= Beginning of Section =

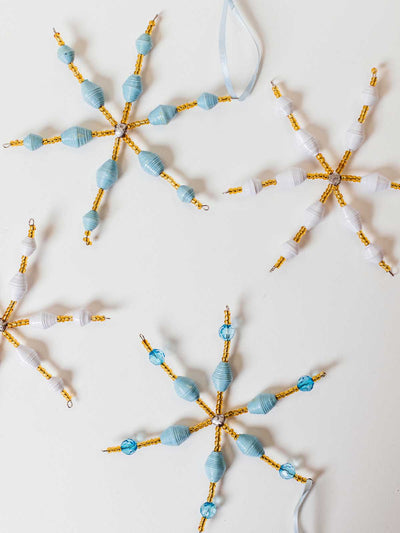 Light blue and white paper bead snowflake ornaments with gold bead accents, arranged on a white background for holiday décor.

= End of Section =
= Beginning of Section =

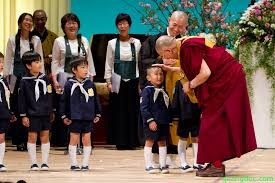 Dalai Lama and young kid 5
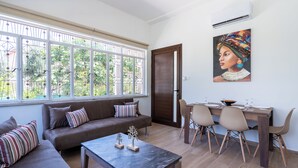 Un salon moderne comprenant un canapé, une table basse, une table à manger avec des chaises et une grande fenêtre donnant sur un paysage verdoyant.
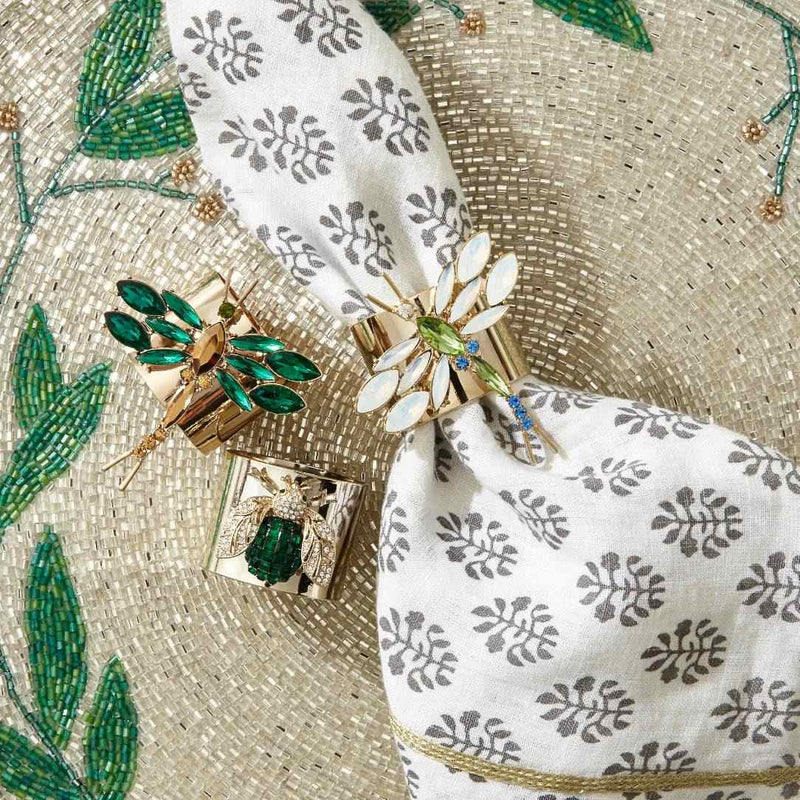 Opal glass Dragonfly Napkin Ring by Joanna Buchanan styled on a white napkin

= End of Section =
= Beginning of Section =

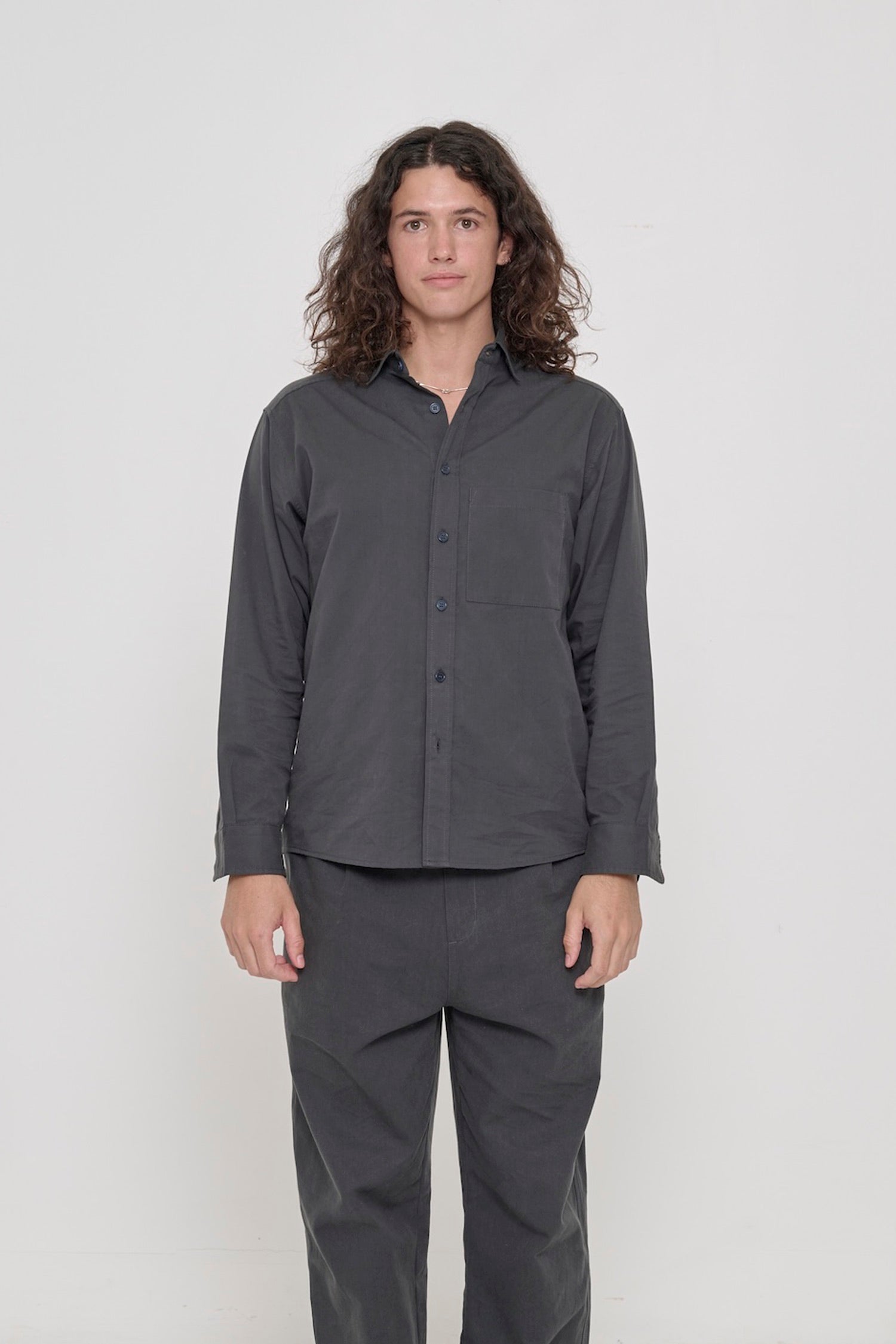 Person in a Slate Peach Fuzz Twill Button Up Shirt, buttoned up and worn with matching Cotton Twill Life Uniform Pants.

= End of Section =

TASK TO CARRY OUT:
Give again, exactly as written above, each line from the one that has "Un salon moderne" to the one that has "Opal glass Dragonfly", both included; omit the pictures.

RESPONSE TO THIS EXERCISE:
 Un salon moderne comprenant un canapé, une table basse, une table à manger avec des chaises et une grande fenêtre donnant sur un paysage verdoyant.
 Opal glass Dragonfly Napkin Ring by Joanna Buchanan styled on a white napkin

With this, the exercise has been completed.